Postoperative molding, when required, was performed during dressing changes. DuoDERM CGF^® (Convatec Inc., Gangnam, Korea) was applied around the ADM insertion site to prevent compression-related contour depressions. The JP drains were removed when the output was less than 10 mL/day, which occurred at an average of 5 days postoperatively. Intravenous ceftazidime (2 g/day) was administered until 48 h after surgery.

Aesthetic outcomes were evaluated by a panel of 3 independent observers (2 plastic surgeons not involved in the surgeries and 1 breast surgeon) at 12 and 24 months postoperatively. The assessment utilized a standardized four-point scale (0 = poor, 1 = fair, 2 = good, and 3 = excellent) evaluating breast symmetry, contour, and overall aesthetic outcome. The evaluators were blinded to the type of ADM used.

2.6. Statistical Analysis

All statistical analyses were performed using SPSS software (version 18.0, SPSS Inc., Chicago, IL, USA). Statistical significance was defined as p < 0.05. Descriptive statistics were used to summarize patient demographics, tumor characteristics, and surgical details. Continuous variables were expressed as mean ± standard deviation (SD), and categorical variables as counts and percentages.

ADM volumes derived from both diameter-based and ROI-based methods were compared at each of the three postoperative time points using repeated measures analysis of variance (ANOVA). Pairwise comparisons were performed with Bonferroni correction for multiple testing.

To evaluate factors influencing ADM volume changes over time, subgroup analyses were conducted to assess the impact of radiation therapy and ADM type. Multivariate linear regression analysis was performed to identify independent predictors of ADM volume change over time, with variables including age, BMI, tumor location, radiation therapy, and ADM type.

Between-group comparisons for categorical variables, like complication rates, were performed using Chi-square or Fisher’s exact tests, while continuous variables, like aesthetic scores, were compared using independent t-tests or Mann–Whitney U tests, as appropriate, based on data distribution.

Early surgical complications and aesthetic outcomes were analyzed separately to provide clear differentiation between technical and cosmetic results. The relationship between preoperative factors and surgical outcomes was evaluated using appropriate statistical tests: chi-square or Fisher’s exact test for categorical variables, and independent t-test or Mann–Whitney test for continuous variables based on normality of distribution.

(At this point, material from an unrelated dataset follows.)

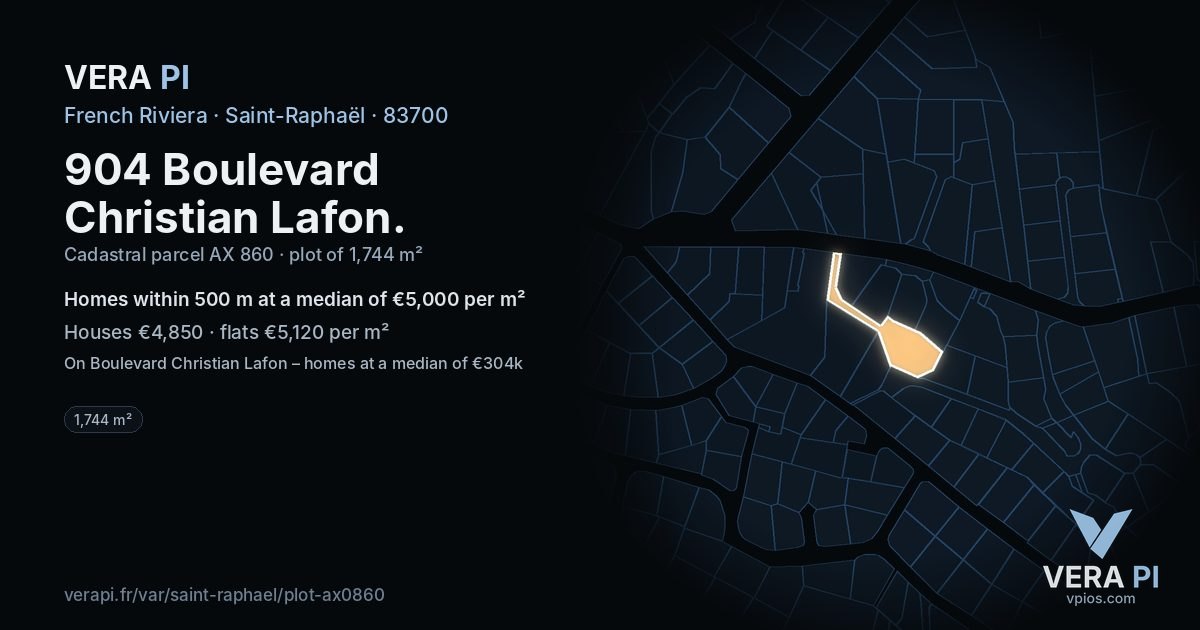 904 Boulevard Christian Lafon, Saint-Raphaël at night – the plot lit, the parcels around coloured by the prices near them
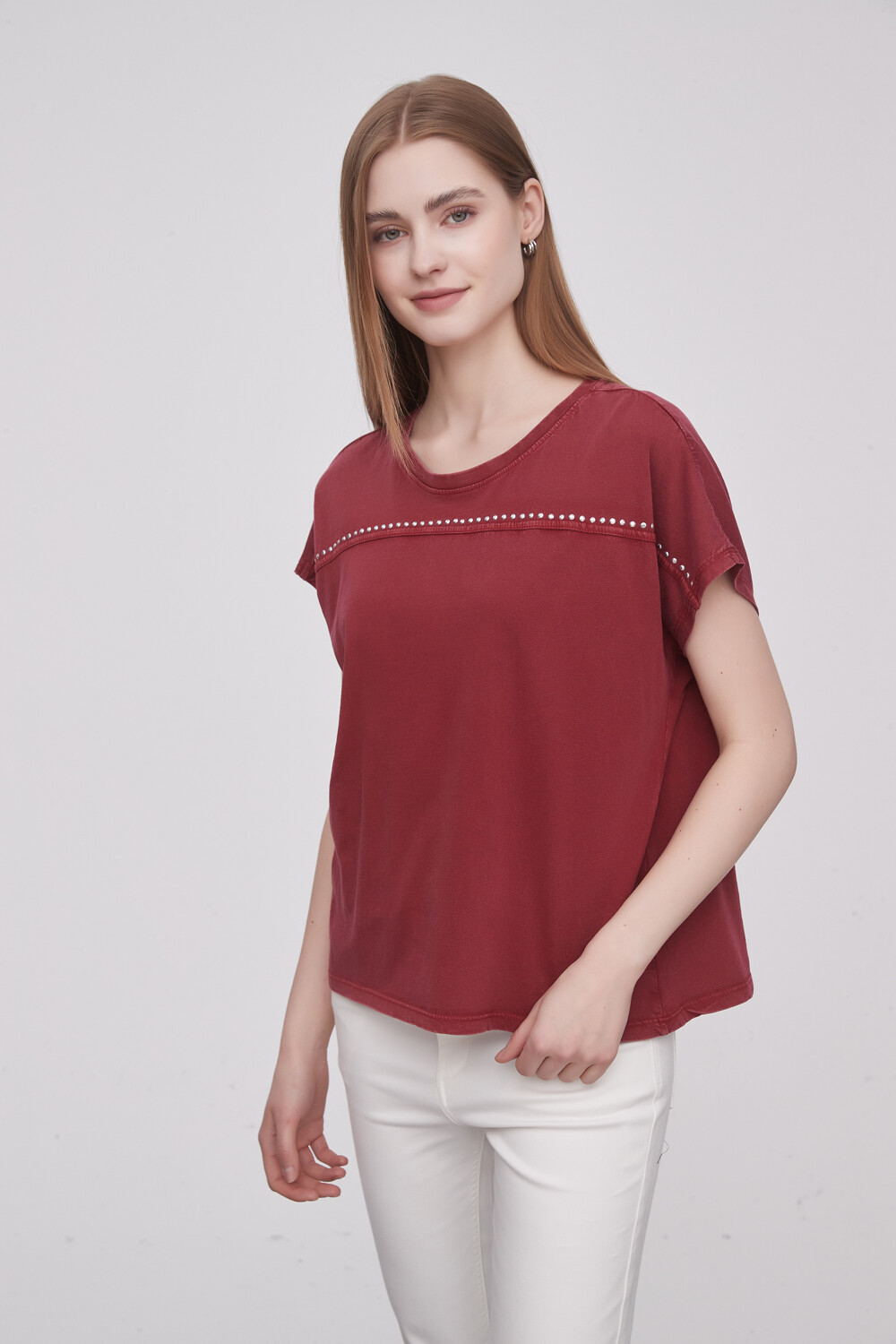 Remera Nedre Cereza Oscuro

Sample size calculation was based on previously published data on ADM volume retention in breast reconstruction. With an anticipated difference in volume retention of 10% between groups, a standard deviation of 15%, an alpha level of 0.05, and a power of 80%, we calculated that a minimum of 160 patients would be required. Our sample of 172 patients exceeded this requirement.

3. Results

3.1. Patient Characteristics

The study included 172 breast cancer patients who underwent oncoplastic breast-conserving surgery with either diced ADM combined with sheet ADM (n = 102), or diced ADM combined with paste ADM (n = 70). The mean age was 49.3 ± 9.2 years (range, 25–73 years) and mean BMI was 23.7 ± 3.2 kg/m² (range, 18–34.5 kg/m²). Tumor locations were predominantly in the superolateral (42%) and superomedial (28%) quadrants. Radiotherapy and chemotherapy were administered in 98.7% and 75% of patients, respectively. The most common histologic type was invasive ductal carcinoma (72%), followed by ductal carcinoma in situ (22%).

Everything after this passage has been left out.